[Source records]

___

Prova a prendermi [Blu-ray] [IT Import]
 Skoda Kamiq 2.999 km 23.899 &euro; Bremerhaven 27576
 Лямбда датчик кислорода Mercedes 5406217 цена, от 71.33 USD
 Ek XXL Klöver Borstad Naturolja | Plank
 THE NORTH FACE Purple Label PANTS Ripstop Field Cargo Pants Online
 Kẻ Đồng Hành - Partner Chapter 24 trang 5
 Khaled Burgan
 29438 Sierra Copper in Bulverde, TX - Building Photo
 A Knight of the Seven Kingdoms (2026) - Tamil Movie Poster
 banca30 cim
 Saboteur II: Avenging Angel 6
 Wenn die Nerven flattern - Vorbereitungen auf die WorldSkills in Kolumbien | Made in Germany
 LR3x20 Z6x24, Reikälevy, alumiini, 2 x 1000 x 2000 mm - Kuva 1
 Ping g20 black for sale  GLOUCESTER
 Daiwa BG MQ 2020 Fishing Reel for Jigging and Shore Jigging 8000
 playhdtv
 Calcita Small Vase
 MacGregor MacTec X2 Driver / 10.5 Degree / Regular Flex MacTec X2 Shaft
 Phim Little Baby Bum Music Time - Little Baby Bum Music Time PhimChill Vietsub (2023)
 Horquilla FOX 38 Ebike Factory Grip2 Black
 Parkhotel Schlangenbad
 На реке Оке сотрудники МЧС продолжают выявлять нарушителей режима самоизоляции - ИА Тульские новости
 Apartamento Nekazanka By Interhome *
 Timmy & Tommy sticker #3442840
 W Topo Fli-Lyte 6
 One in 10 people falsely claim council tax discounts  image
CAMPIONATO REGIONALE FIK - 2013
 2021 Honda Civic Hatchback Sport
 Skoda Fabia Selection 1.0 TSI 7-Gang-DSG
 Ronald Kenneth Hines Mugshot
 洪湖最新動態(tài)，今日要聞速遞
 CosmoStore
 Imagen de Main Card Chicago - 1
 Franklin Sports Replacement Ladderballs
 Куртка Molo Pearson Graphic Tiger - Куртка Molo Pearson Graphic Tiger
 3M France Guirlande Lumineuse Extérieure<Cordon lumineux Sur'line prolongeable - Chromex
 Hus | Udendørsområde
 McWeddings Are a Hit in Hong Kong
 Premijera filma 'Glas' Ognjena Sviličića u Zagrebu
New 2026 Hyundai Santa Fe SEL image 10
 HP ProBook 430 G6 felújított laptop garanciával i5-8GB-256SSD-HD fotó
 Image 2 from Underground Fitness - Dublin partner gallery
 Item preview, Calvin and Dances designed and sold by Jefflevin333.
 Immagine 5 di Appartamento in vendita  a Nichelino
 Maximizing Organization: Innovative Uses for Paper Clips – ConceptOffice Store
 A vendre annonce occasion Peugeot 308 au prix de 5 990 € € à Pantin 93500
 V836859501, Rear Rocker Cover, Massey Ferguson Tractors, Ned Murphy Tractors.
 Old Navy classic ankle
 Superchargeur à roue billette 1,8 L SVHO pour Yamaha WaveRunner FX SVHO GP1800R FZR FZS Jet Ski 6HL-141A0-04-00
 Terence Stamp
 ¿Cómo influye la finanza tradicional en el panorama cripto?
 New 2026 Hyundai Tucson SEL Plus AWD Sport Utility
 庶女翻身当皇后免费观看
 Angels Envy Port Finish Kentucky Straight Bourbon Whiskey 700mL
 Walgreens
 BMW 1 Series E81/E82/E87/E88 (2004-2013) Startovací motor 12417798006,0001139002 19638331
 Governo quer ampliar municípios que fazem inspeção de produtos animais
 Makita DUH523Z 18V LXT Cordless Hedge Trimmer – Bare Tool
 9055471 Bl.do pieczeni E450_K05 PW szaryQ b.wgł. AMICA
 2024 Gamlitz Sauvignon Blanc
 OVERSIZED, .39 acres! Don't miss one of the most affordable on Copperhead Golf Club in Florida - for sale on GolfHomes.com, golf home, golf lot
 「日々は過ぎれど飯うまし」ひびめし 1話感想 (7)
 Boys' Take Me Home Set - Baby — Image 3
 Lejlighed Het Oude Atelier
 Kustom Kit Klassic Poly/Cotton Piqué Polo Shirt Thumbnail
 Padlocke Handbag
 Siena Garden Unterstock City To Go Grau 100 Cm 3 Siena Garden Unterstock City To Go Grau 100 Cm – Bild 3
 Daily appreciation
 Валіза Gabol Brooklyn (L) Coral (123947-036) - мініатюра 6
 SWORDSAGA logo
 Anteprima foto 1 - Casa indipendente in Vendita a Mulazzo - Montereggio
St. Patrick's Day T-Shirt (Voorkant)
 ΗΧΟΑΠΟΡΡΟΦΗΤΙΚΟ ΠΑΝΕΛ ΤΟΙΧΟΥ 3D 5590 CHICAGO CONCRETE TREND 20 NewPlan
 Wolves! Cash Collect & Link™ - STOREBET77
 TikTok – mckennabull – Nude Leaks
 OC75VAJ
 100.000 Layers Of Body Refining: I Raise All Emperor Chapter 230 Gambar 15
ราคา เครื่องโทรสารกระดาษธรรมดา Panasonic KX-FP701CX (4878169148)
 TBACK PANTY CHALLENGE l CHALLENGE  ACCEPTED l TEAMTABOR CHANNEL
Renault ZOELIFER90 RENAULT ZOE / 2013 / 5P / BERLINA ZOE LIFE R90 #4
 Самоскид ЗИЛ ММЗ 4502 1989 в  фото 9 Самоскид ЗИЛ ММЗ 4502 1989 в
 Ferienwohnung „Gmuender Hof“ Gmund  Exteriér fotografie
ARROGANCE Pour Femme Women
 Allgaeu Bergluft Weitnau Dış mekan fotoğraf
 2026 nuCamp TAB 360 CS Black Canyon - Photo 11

___

Repeat each record in full; every line must match exactly.

▶ Exercise solution
Prova a prendermi [Blu-ray] [IT Import]
 Skoda Kamiq 2.999 km 23.899 &euro; Bremerhaven 27576
 Лямбда датчик кислорода Mercedes 5406217 цена, от 71.33 USD
 Ek XXL Klöver Borstad Naturolja | Plank
 THE NORTH FACE Purple Label PANTS Ripstop Field Cargo Pants Online
 Kẻ Đồng Hành - Partner Chapter 24 trang 5
 Khaled Burgan
 29438 Sierra Copper in Bulverde, TX - Building Photo
 A Knight of the Seven Kingdoms (2026) - Tamil Movie Poster
 banca30 cim
 Saboteur II: Avenging Angel 6
 Wenn die Nerven flattern - Vorbereitungen auf die WorldSkills in Kolumbien | Made in Germany
 LR3x20 Z6x24, Reikälevy, alumiini, 2 x 1000 x 2000 mm - Kuva 1
 Ping g20 black for sale  GLOUCESTER
 Daiwa BG MQ 2020 Fishing Reel for Jigging and Shore Jigging 8000
 playhdtv
 Calcita Small Vase
 MacGregor MacTec X2 Driver / 10.5 Degree / Regular Flex MacTec X2 Shaft
 Phim Little Baby Bum Music Time - Little Baby Bum Music Time PhimChill Vietsub (2023)
 Horquilla FOX 38 Ebike Factory Grip2 Black
 Parkhotel Schlangenbad
 На реке Оке сотрудники МЧС продолжают выявлять нарушителей режима самоизоляции - ИА Тульские новости
 Apartamento Nekazanka By Interhome *
 Timmy & Tommy sticker #3442840
 W Topo Fli-Lyte 6
 One in 10 people falsely claim council tax discounts  image
CAMPIONATO REGIONALE FIK - 2013
 2021 Honda Civic Hatchback Sport
 Skoda Fabia Selection 1.0 TSI 7-Gang-DSG
 Ronald Kenneth Hines Mugshot
 洪湖最新動態(tài)，今日要聞速遞
 CosmoStore
 Imagen de Main Card Chicago - 1
 Franklin Sports Replacement Ladderballs
 Куртка Molo Pearson Graphic Tiger - Куртка Molo Pearson Graphic Tiger
 3M France Guirlande Lumineuse Extérieure<Cordon lumineux Sur'line prolongeable - Chromex
 Hus | Udendørsområde
 McWeddings Are a Hit in Hong Kong
 Premijera filma 'Glas' Ognjena Sviličića u Zagrebu
New 2026 Hyundai Santa Fe SEL image 10
 HP ProBook 430 G6 felújított laptop garanciával i5-8GB-256SSD-HD fotó
 Image 2 from Underground Fitness - Dublin partner gallery
 Item preview, Calvin and Dances designed and sold by Jefflevin333.
 Immagine 5 di Appartamento in vendita  a Nichelino
 Maximizing Organization: Innovative Uses for Paper Clips – ConceptOffice Store
 A vendre annonce occasion Peugeot 308 au prix de 5 990 € € à Pantin 93500
 V836859501, Rear Rocker Cover, Massey Ferguson Tractors, Ned Murphy Tractors.
 Old Navy classic ankle
 Superchargeur à roue billette 1,8 L SVHO pour Yamaha WaveRunner FX SVHO GP1800R FZR FZS Jet Ski 6HL-141A0-04-00
 Terence Stamp
 ¿Cómo influye la finanza tradicional en el panorama cripto?
 New 2026 Hyundai Tucson SEL Plus AWD Sport Utility
 庶女翻身当皇后免费观看
 Angels Envy Port Finish Kentucky Straight Bourbon Whiskey 700mL
 Walgreens
 BMW 1 Series E81/E82/E87/E88 (2004-2013) Startovací motor 12417798006,0001139002 19638331
 Governo quer ampliar municípios que fazem inspeção de produtos animais
 Makita DUH523Z 18V LXT Cordless Hedge Trimmer – Bare Tool
 9055471 Bl.do pieczeni E450_K05 PW szaryQ b.wgł. AMICA
 2024 Gamlitz Sauvignon Blanc
 OVERSIZED, .39 acres! Don't miss one of the most affordable on Copperhead Golf Club in Florida - for sale on GolfHomes.com, golf home, golf lot
 「日々は過ぎれど飯うまし」ひびめし 1話感想 (7)
 Boys' Take Me Home Set - Baby — Image 3
 Lejlighed Het Oude Atelier
 Kustom Kit Klassic Poly/Cotton Piqué Polo Shirt Thumbnail
 Padlocke Handbag
 Siena Garden Unterstock City To Go Grau 100 Cm 3 Siena Garden Unterstock City To Go Grau 100 Cm – Bild 3
 Daily appreciation
 Валіза Gabol Brooklyn (L) Coral (123947-036) - мініатюра 6
 SWORDSAGA logo
 Anteprima foto 1 - Casa indipendente in Vendita a Mulazzo - Montereggio
St. Patrick's Day T-Shirt (Voorkant)
 ΗΧΟΑΠΟΡΡΟΦΗΤΙΚΟ ΠΑΝΕΛ ΤΟΙΧΟΥ 3D 5590 CHICAGO CONCRETE TREND 20 NewPlan
 Wolves! Cash Collect & Link™ - STOREBET77
 TikTok – mckennabull – Nude Leaks
 OC75VAJ
 100.000 Layers Of Body Refining: I Raise All Emperor Chapter 230 Gambar 15
ราคา เครื่องโทรสารกระดาษธรรมดา Panasonic KX-FP701CX (4878169148)
 TBACK PANTY CHALLENGE l CHALLENGE  ACCEPTED l TEAMTABOR CHANNEL
Renault ZOELIFER90 RENAULT ZOE / 2013 / 5P / BERLINA ZOE LIFE R90 #4
 Самоскид ЗИЛ ММЗ 4502 1989 в  фото 9 Самоскид ЗИЛ ММЗ 4502 1989 в
 Ferienwohnung „Gmuender Hof“ Gmund  Exteriér fotografie
ARROGANCE Pour Femme Women
 Allgaeu Bergluft Weitnau Dış mekan fotoğraf
 2026 nuCamp TAB 360 CS Black Canyon - Photo 11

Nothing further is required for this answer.